With these concerns in mind, this workshop series offers a platform for scholars and practitioners alike to collectively think through, interrogate, and re-imagine the histories, political stakes, and potentialities of decolonization through four axes – Archives, Pedagogies, Aesthetics, and Promises. In this vein, the "now" in our title performs three interrelated tasks. First, it refers to the "now" burgeoning scholarship that illuminate the multidimensional histories of decolonization. Secondly, it throws its weight behind the more polemic calls for "decolonizing" hierarchies and structures of (settler-)colonialism which still endure in the present. And third, we critically ask how we might move forward towards different futures from the horizons of the “now” in which we find ourselves.

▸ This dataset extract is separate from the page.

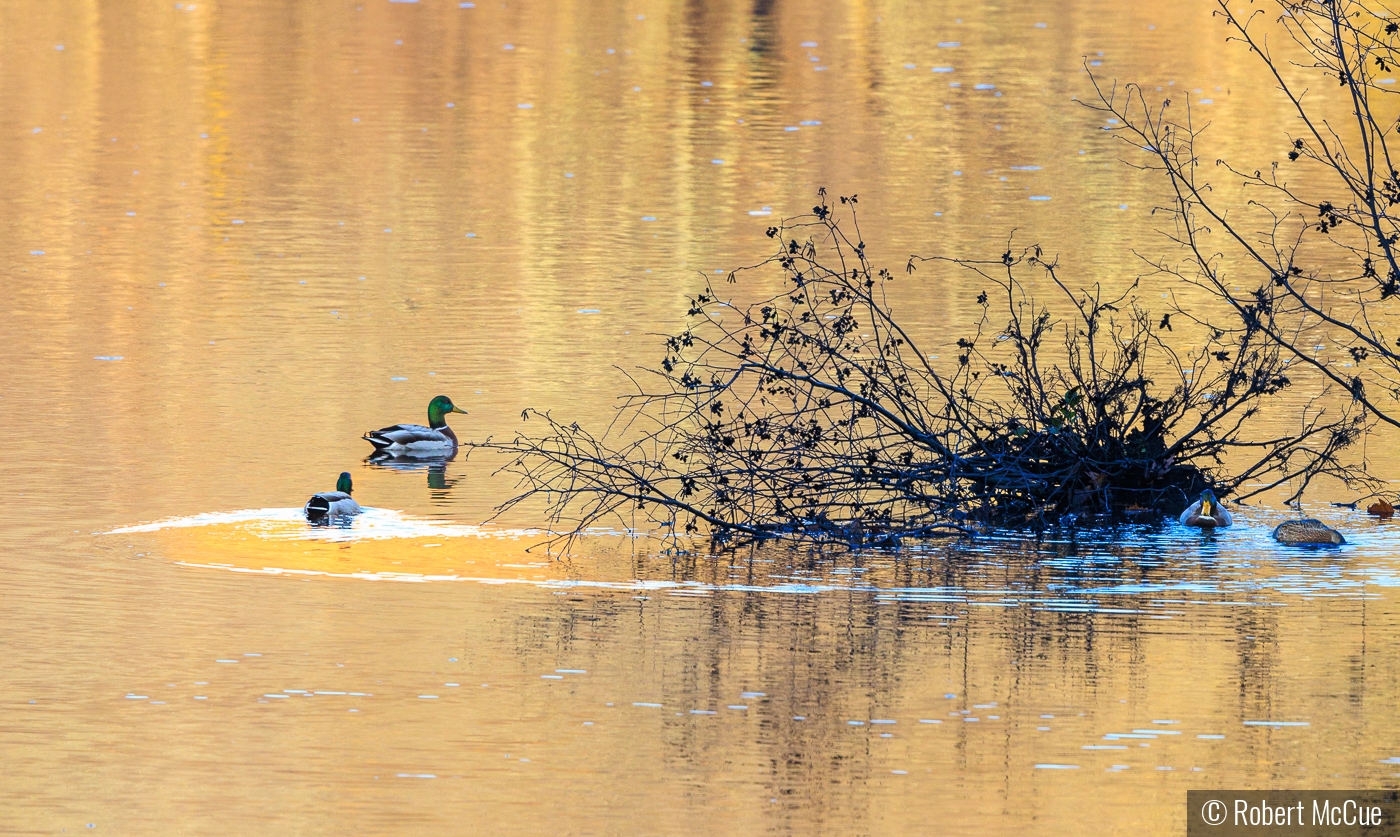 Circling duck by Robert McCue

Based at the Geneva Graduate Institute of International and Development Studies (IHEID), each workshop will last for two days and welcome senior and junior scholars as well as practitioners from outside the academy. We envision these workshops to bring together a small number of participants with the aim of fostering an intimate and collegial atmosphere of intellectual exchange and encounter. Recognizing the pressures of academic life and constraints posed by disciplinary boundaries, we invite submissions that are either in process, exploratory, or multi-genre. We thus encourage participants from various disciplines to submit their contributions in a variety of forms, including textual (working paper, dissertation chapter), visual (poster, collage), oral (podcast, interview), and so on.
In terms of output, we aim to collaborate with participants on creatively giving shape to the workshops’ aspirations. This will include curating a living archive via this website that will bring together the various contributions and discussions (currently under construction). In the longer term, we intend to publish the workshops’ findings in a special issue.